Protesters target Apple's labor practices

An Apple Inc. logo is displayed outside the exterior of Apple headquarters in Cupertino, Calif.
February 9, 2012 8:49:06 PM PST
Apple is in the crosshairs because critics want it to improve working conditions in China where Apple products are assembled.

The organizers of a global petition drive say they've collected 250,000 signatures. They turned them over to the Palo Alto Apple store's general manager, hoping they will be forwarded to Apple CEO Tim Cook.

"I'd love my Apple products so much more if I knew that they weren't being made by workers who are suffering from these abuses," petition supporter Charlotte Hill said.

Critics allege that employees assembling Apple products at contractors in China stand long hours and suffer from repetitive motion injuries.

Apple's website features a detailed section on supplier responsibility, listing its contractors, setting out a supplier code of conduct, and posting an annual audit.

A quarter-million petition signatures, though, are difficult to ignore.

"Two hundred fifty thousand petitions that are suddenly revealed to the public is much more dramatic than the type of information you could amass in 30 years ago or 20 years ago," environmental lawyer Paul Carroll said.

While Apple declined an on-camera interview, it issued this statement saying, "We insist that our suppliers provide safe working conditions, treat workers with dignity and respect, and use environmentally responsible manufacturing processes wherever Apple products are made. Our suppliers must live up to these requirements if they want to keep doing business with Apple."

Andy Tsay is a supply chain management expert at Santa Clara University's Leavey School of Business. He has visited many contractor facilities in China.
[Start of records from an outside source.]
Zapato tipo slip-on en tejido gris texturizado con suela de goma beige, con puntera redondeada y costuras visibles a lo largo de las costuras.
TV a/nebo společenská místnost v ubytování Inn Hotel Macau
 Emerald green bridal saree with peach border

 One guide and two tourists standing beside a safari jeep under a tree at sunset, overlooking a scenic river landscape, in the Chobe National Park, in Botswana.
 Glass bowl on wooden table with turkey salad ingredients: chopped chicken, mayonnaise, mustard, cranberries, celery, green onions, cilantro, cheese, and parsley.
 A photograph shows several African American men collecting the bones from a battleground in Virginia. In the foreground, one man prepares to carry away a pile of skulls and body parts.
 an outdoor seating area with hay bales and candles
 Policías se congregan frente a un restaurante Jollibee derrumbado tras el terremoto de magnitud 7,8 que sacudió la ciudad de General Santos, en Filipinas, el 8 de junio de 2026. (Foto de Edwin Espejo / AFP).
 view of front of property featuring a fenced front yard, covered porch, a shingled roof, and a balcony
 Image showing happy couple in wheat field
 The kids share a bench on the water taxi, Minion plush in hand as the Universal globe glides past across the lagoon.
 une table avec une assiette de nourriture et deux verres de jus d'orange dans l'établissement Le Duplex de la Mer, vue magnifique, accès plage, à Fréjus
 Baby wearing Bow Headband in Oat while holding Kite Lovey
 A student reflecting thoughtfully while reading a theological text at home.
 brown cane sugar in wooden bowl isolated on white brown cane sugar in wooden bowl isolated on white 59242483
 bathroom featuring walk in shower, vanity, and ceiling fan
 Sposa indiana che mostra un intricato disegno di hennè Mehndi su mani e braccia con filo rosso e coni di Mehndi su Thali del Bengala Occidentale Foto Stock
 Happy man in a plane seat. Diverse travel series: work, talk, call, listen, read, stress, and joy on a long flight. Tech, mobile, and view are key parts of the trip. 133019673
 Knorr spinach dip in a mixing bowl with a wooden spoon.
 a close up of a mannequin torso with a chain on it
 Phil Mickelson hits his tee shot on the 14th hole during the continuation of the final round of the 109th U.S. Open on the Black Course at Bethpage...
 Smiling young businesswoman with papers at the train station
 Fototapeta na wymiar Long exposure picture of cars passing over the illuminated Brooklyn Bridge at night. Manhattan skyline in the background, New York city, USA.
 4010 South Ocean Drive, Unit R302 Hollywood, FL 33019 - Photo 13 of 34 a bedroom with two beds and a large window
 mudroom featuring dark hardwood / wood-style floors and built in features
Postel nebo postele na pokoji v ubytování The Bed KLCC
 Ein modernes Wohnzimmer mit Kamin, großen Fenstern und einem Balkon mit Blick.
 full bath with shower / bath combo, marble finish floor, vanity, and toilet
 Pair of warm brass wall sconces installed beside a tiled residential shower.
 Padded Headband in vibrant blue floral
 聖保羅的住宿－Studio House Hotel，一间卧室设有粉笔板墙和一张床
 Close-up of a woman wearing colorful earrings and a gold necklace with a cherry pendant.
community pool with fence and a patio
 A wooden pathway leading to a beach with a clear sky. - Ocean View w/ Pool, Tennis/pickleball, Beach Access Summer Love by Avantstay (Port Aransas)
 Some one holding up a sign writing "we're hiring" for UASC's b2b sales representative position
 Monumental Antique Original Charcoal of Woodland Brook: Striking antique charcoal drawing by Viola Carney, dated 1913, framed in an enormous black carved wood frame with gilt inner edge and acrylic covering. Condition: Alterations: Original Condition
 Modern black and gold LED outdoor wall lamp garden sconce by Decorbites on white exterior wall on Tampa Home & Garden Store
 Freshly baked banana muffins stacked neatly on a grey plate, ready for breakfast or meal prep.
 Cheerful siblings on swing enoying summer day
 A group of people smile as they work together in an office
He thinks change will come, although there are economic and cultural obstacles.

"Every time they advertise job openings, they have far more people apply for those jobs than there are openings," Tsay said. "So in that case, to play the devil's advocate, the company doesn't really have a very strong incentive to want to do much better than they're already doing."

Apple is working with the non-profit Fair Labor Association, which will audit Apple's practices and make its findings public. Apple is the first electronics company to do this.

The Fair Trade Association has worked mostly with apparel and footwear companies, but it says it believes its experience will help Apple improve conditions in China.